* [PATCH] Device-mapper misc cleanup
@ 2012-03-19 15:53 Hannes Reinecke
2012-03-19 15:53 ` [PATCH] dm: zero out bi_end_io on remapping failure Hannes Reinecke
0 siblings, 1 reply; 10+ messages in thread
From: Hannes Reinecke @ 2012-03-19 15:53 UTC (permalink / raw)
To: dm-devel; +Cc: Alasdair Kergon
This is small patchset for some cleanups I've found during
debugging other issues:
- Zero out bi_end_io: I always find it more convenient to
explictly zero out things we've set previously. No harm
done, but possibly easier debugging.
- Simplify call to free_devices(): free_devices() already
does a list_for_each(), so we don't have to check for
list_empty...
- Delayed cleanup for dm_table_destroy(): We have krefs
in the kernel, which does exactly what we want. And I
fail to see why we can't use them here. Plus we're
saving an msleep ...
Hannes Reinecke (3):
dm: zero out bi_end_io on remapping failure
dm-table: simplify call to free_devices()

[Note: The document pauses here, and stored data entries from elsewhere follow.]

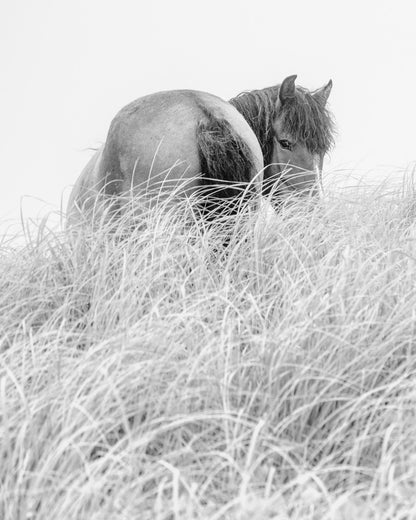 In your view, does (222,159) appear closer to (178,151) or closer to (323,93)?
(178,151)

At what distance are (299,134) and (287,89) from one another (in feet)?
0.78

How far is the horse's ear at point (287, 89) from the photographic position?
4.90 meters

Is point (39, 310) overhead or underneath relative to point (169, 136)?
underneath

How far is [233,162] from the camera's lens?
417 centimetres

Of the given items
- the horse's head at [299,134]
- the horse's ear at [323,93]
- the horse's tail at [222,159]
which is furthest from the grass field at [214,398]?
the horse's ear at [323,93]

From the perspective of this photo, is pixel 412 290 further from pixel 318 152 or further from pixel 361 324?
pixel 318 152

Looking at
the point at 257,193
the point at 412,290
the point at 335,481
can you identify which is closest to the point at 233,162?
the point at 257,193

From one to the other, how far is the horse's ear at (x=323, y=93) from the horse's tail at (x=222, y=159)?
0.99 meters

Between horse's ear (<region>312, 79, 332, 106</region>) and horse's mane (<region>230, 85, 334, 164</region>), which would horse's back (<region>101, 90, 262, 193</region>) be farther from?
horse's ear (<region>312, 79, 332, 106</region>)

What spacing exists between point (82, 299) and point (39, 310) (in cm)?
24

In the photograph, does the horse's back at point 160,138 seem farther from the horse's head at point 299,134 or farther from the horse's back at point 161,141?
the horse's head at point 299,134

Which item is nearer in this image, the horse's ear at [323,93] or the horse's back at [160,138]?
the horse's back at [160,138]

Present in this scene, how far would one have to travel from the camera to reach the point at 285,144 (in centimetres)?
502

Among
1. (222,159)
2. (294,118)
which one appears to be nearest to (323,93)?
(294,118) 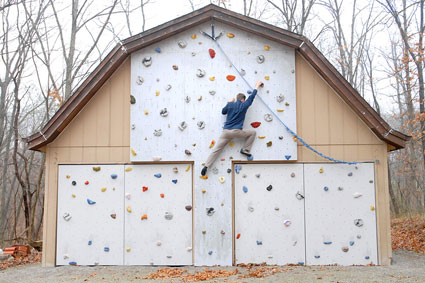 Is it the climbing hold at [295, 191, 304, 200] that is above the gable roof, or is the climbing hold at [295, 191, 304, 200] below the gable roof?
below

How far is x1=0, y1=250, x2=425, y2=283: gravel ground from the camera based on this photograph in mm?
8078

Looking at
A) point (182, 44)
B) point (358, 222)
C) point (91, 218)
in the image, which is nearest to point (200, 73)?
point (182, 44)

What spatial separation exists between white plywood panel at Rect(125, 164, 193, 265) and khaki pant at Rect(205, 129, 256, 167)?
1.99ft

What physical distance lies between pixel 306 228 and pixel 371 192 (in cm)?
157

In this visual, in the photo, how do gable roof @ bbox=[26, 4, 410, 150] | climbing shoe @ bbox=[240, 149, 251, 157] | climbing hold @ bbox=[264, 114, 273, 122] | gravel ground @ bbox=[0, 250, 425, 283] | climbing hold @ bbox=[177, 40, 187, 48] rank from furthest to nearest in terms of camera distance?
1. climbing hold @ bbox=[177, 40, 187, 48]
2. climbing hold @ bbox=[264, 114, 273, 122]
3. climbing shoe @ bbox=[240, 149, 251, 157]
4. gable roof @ bbox=[26, 4, 410, 150]
5. gravel ground @ bbox=[0, 250, 425, 283]

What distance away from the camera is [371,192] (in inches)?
385

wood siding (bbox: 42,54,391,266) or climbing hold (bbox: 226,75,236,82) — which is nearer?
wood siding (bbox: 42,54,391,266)

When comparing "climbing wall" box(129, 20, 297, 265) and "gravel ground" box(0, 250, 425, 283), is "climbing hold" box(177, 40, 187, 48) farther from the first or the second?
"gravel ground" box(0, 250, 425, 283)

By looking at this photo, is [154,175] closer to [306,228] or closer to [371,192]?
[306,228]

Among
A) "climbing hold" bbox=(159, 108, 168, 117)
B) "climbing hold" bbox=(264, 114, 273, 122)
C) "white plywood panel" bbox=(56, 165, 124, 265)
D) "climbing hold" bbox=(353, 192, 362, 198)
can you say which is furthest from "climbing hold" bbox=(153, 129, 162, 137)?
"climbing hold" bbox=(353, 192, 362, 198)

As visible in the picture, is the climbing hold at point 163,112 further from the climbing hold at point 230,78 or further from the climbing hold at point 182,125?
the climbing hold at point 230,78

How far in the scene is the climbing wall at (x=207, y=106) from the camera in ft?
32.2

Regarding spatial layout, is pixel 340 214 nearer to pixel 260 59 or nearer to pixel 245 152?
pixel 245 152

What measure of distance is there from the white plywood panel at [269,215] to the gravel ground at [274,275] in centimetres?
49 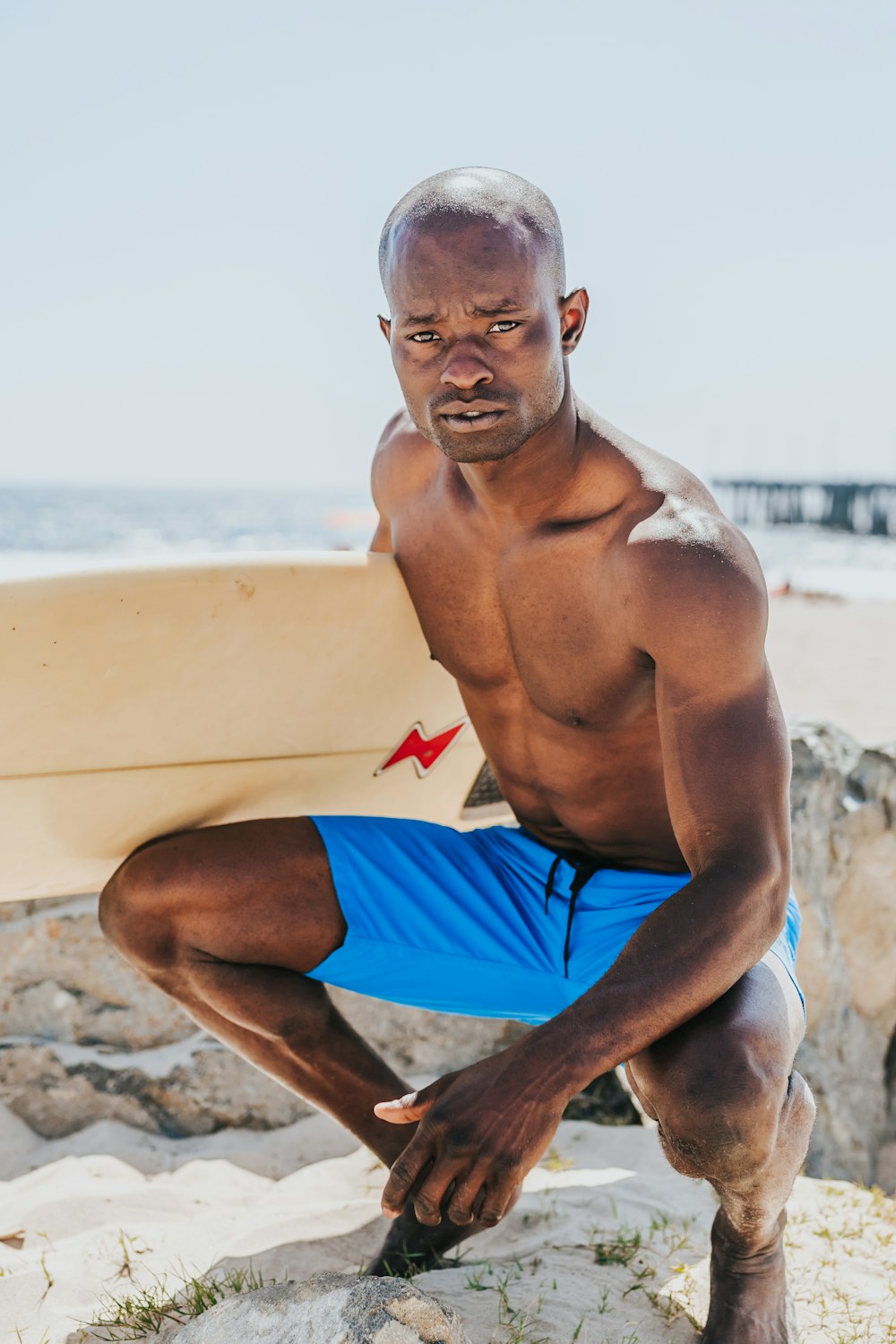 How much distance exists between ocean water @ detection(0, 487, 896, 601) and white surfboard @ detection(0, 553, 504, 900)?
11545 millimetres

dm-table: delayed cleanup for dm_table_destroy()
drivers/md/dm-table.c | 29 ++++++++++++++---------------
drivers/md/dm.c | 1 +
2 files changed, 15 insertions(+), 15 deletions(-)
^ permalink raw reply [flat|nested] 10+ messages in thread
* [PATCH] dm: zero out bi_end_io on remapping failure
2012-03-19 15:53 [PATCH] Device-mapper misc cleanup Hannes Reinecke
@ 2012-03-19 15:53 ` Hannes Reinecke
2012-03-19 15:53 ` [PATCH] dm-table: simplify call to free_devices() Hannes Reinecke
0 siblings, 1 reply; 10+ messages in thread
From: Hannes Reinecke @ 2012-03-19 15:53 UTC (permalink / raw)
To: dm-devel; +Cc: Alasdair Kergon
To be symmetric we should be setting bi_end_io to NULL when failing
to remap.
Signed-off-by: Hannes Reinecke <hare@suse.de>
---
drivers/md/dm.c | 1 +
1 files changed, 1 insertions(+), 0 deletions(-)
diff --git a/drivers/md/dm.c b/drivers/md/dm.c
index b89c548..e24143c 100644
--- a/drivers/md/dm.c
+++ b/drivers/md/dm.c
@@ -1016,6 +1016,7 @@ static void __map_bio(struct dm_target *ti, struct bio *clone,
/*
* Store bio_set for cleanup.
*/
+ clone->bi_end_io = NULL;
clone->bi_private = md->bs;
bio_put(clone);
free_tio(md, tio);
--
1.6.0.2
^ permalink raw reply related [flat|nested] 10+ messages in thread
* [PATCH] dm-table: simplify call to free_devices()
2012-03-19 15:53 ` [PATCH] dm: zero out bi_end_io on remapping failure Hannes Reinecke
@ 2012-03-19 15:53 ` Hannes Reinecke
2012-03-19 15:53 ` [PATCH] dm-table: delayed cleanup for dm_table_destroy() Hannes Reinecke
0 siblings, 1 reply; 10+ messages in thread
From: Hannes Reinecke @ 2012-03-19 15:53 UTC (permalink / raw)
To: dm-devel; +Cc: Alasdair Kergon
free_devices already uses list_for_each(), so we don't need to
check if the list is empty.
Signed-off-by: Hannes Reinecke <hare@suse.de>
---
drivers/md/dm-table.c | 3 +--
1 files changed, 1 insertions(+), 2 deletions(-)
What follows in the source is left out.